Quanti animali sono impiegati a scopo scientifico, come la ricerca o, per esempio, per i test di sicurezza in Unione europea? Quali le specie più coinvolte? Ogni anno, l’UE raccoglie queste e altre informazioni in un report, che ci aiuta anche a comprendere se stiamo andando in direzione del principio delle 3R. Qui iniziamo a riportare alcuni dei dati principali che emergono dal report 2022 (i cui dati sono riferiti al 2019)
Il nuovo report sui dati degli animali impiegati a scopi scientifici nell’Unione europea è stato pubblicato da poco. Il documento raccoglie le informazioni provenienti dagli Stati membri e dalla Norvegia (inclusa per la prima volta dallo scorso anno) riferite al 2019, in accordo con la direttiva 2010/63/EU per la tutela degli animali usati a scopi scientifici.
Riportiamo qui alcuni degli elementi principali che emergono dal report, iniziando a guardare il numero di animali, le specie impiegate e la loro provenienza.
Quanti e quali animali
Rispetto al 2018, non si registrano cambiamenti sostanziali nel numero di animali impiegati per la prima volta a scopi scientifici: si tratta infatti di circa 10,4 milioni, quindi una leggera diminuzione rispetto all’anno precedente.
Come per i dati del 2018, ricordiamo che l’aumento che si osserva rispetto al 2015-2017 deve tenere in considerazione la recente inclusione di dati norvegesi nella stima. È da notare anche che questo è l’ultimo report a includere i dati della Gran Bretagna: dal prossimo anno, con l’uscita del Paese dall’Unione europea, non saranno più compresi. Questo è uno degli elementi che distingueranno i prossimi report da quelli oggi a disposizione: tra gli altri cambiamenti, che potranno comportare alcune difficoltà nel confronto dei dati, vi è anche la scelta di indicare con maggior dettaglio alcune categorie delle specie impiegate o del tipo d’impiego, allo scopo di limitare un impiego eccessivo della categoria “altri” e avere una documentazione più precisa.
Quali specie
Come per quanto riguarda il numero di animali impiegati per la prima volta, si mantengono sostanzialmente invariati i dati riguardanti le specie coinvolte: si tratta per la maggioranza di topi, seguiti da pesci e ratti. Tra i pesci, vale la pena specificarlo, la direttiva 2010/63/EU richiede di distinguere lo zebrafish (Danio rerio), una specie modello ampiamente coinvolta nella ricerca, da altre specie: in particolare, riporta il documento, lo zebrafish rappresenta il 20% degli animali impiegati per la prima volta nel 2019, mentre tra le “altre specie” il più rappresentato è il salmone (è da considerare che, in alcuni Paesi, l’impiego di pesci diversi dallo zebrafish raggiunge percentuali molto alte rispetto alle altre specie: per esempio, in Norvegia sono oltre il 90%).

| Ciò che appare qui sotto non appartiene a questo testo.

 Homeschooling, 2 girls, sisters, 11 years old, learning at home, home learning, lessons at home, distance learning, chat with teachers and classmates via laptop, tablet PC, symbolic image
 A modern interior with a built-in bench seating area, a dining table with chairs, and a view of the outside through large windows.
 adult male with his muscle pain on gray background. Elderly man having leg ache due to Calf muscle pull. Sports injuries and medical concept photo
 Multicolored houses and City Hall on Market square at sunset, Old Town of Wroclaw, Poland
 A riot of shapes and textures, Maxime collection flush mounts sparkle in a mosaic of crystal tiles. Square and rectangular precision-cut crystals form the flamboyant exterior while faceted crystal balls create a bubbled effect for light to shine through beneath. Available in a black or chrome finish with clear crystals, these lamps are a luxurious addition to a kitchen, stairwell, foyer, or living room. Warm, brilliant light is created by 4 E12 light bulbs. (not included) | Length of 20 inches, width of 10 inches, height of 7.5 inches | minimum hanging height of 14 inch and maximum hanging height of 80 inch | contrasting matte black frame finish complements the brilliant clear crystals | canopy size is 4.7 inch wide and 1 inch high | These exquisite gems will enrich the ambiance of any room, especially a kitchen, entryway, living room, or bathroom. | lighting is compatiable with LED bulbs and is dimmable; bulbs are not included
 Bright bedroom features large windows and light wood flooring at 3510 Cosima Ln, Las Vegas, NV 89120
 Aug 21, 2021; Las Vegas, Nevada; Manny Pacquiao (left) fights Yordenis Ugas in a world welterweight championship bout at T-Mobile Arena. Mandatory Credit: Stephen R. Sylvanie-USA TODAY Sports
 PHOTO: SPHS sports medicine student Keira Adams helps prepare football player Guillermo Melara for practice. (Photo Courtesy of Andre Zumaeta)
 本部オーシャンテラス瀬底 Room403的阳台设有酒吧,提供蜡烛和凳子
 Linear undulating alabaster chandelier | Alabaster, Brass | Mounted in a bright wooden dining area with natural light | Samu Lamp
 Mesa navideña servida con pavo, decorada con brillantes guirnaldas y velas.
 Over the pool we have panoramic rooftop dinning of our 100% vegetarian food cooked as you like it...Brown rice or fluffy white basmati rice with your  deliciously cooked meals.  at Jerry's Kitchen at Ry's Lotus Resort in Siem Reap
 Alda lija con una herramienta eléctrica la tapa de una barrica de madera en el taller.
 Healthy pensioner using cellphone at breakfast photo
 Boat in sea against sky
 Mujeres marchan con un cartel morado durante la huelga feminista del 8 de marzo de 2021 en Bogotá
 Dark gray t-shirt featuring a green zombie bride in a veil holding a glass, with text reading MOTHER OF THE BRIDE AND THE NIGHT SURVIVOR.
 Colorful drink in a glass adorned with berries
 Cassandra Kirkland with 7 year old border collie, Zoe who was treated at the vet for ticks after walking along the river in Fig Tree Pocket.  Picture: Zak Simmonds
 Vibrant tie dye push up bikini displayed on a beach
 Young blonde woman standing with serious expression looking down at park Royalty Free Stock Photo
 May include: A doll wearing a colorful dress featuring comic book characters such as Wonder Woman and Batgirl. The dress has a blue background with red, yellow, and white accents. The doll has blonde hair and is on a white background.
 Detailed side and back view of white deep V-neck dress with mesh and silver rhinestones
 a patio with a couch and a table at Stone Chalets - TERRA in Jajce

Per quanto riguarda le altre specie, sebbene i numeri siano limitati, il report evidenzia un aumento sostanziale di anfibi e cefalopodi, i primi per scopi di conservazione e i secondi coinvolti in studi per il benessere animale. Inoltre, anche se sempre su cifre limitate, si segnala una diminuzione nell’uso di cani e primati non umani. Tuttavia, vale la pena osservare che il report raccoglie i dati del periodo pre-pandemico: si può facilmente supporre che il prossimo anno, almeno per quanto riguarda i primati non umani, le percentuali risulteranno diverse a causa della ricerca sui vaccini contro SARS-CoV-2).
L’origine degli animali impiegati a scopi scientifici
Qualche parola, infine, sull’origine degli animali. Un dato positivo è che rimane bassa la percentuale di quelli provenienti da Paesi al di fuori dell’UE, nei quali dunque non sono seguiti gli stessi standard e le regolamentazioni vigenti in UE che ne tutelano il benessere; invece, la stragrande maggioranza proviene da allevamenti UE registrati. Il 12%, pur provenendo da Stati membri, non arriva da allevatori certificati – questo non significa che si tratti di allevamenti fuori norma, ma solo che si tratta di individui provenienti per esempio da fattorie, o prelevati in natura a scopi scientifici, come avviene per esempio spesso per i pesci.
Sono considerati a parte i primati non umani, che godono di una tutela maggiore rispetto alle altre specie. Allo scopo di porre fine alla necessità di prelevarli in natura, la direttiva 2010/63/EU richiede che ci si basi sempre di più sulle colonie auto-sostenute in cattività: nel 2019, in effetti, si vede un leggero aumento dei primati provenienti dalla seconda o successive generazioni di animali in cattività, e nessun esemplare è stato catturato in natura. I primati derivano soprattutto dall’Africa e dall’Asia, e il 12% da allevamenti europei.